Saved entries

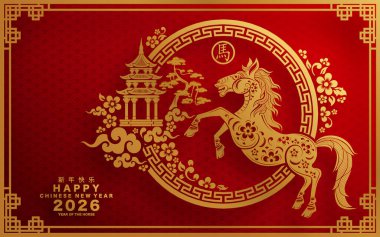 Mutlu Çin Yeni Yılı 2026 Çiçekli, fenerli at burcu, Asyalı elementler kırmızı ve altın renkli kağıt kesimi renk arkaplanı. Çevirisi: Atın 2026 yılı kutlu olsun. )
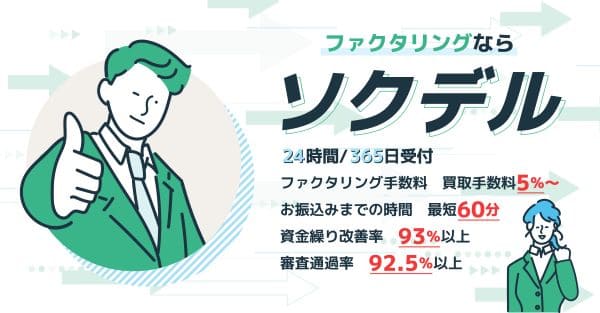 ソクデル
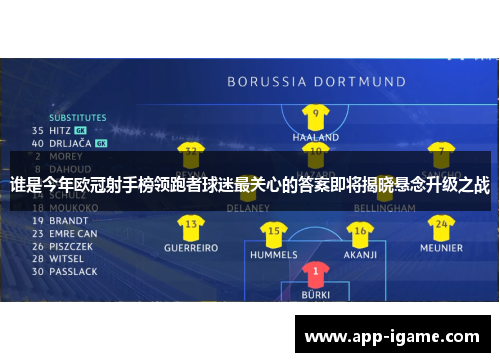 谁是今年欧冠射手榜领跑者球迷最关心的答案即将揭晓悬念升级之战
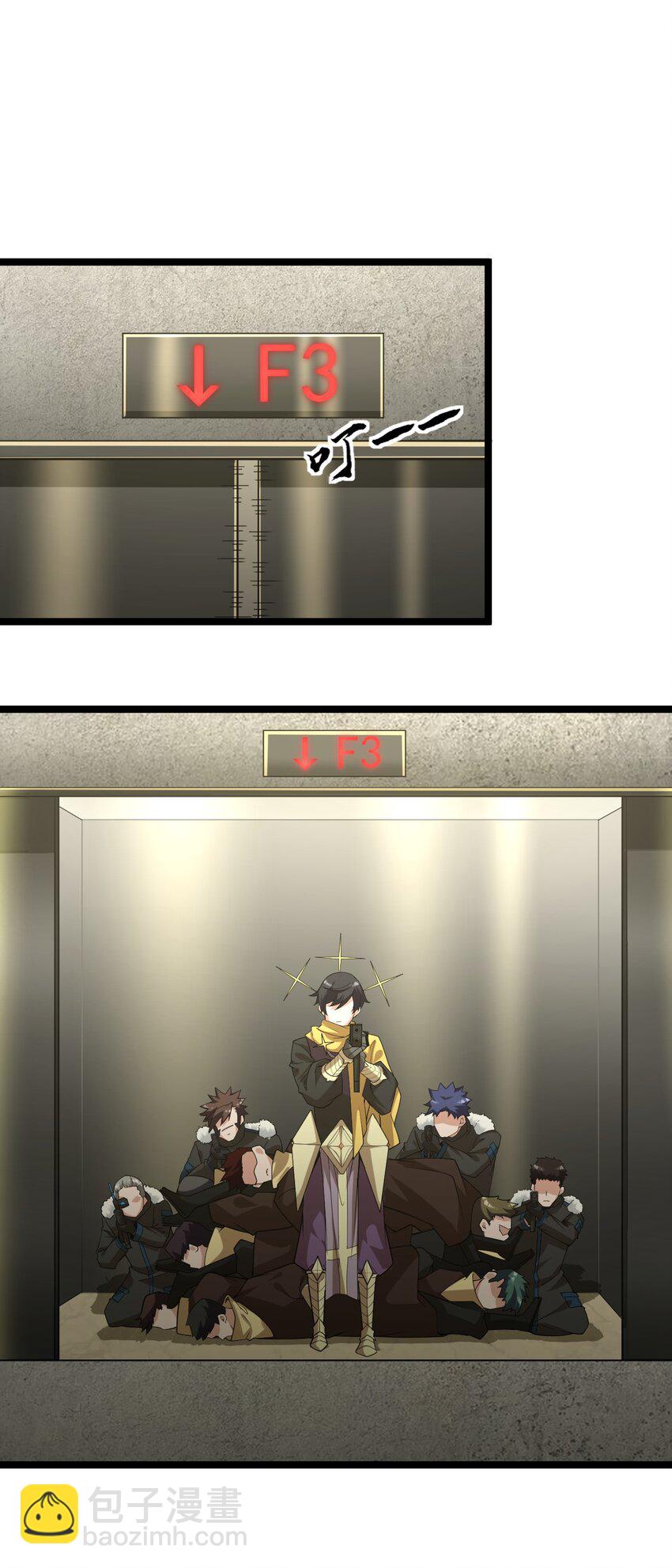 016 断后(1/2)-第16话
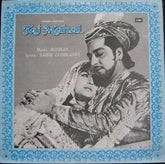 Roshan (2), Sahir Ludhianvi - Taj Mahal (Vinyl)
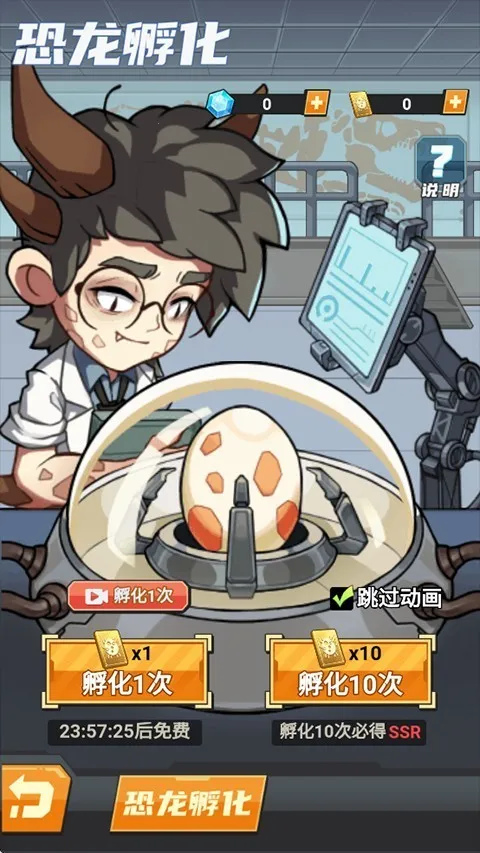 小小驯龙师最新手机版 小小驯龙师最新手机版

#### Your goal:
Copy out the data exactly and keep the pictures out.

#### Solution to this problem:
 Mutlu Çin Yeni Yılı 2026 Çiçekli, fenerli at burcu, Asyalı elementler kırmızı ve altın renkli kağıt kesimi renk arkaplanı. Çevirisi: Atın 2026 yılı kutlu olsun. )
 ソクデル
 谁是今年欧冠射手榜领跑者球迷最关心的答案即将揭晓悬念升级之战
 016 断后(1/2)-第16话
 Roshan (2), Sahir Ludhianvi - Taj Mahal (Vinyl)
 小小驯龙师最新手机版 小小驯龙师最新手机版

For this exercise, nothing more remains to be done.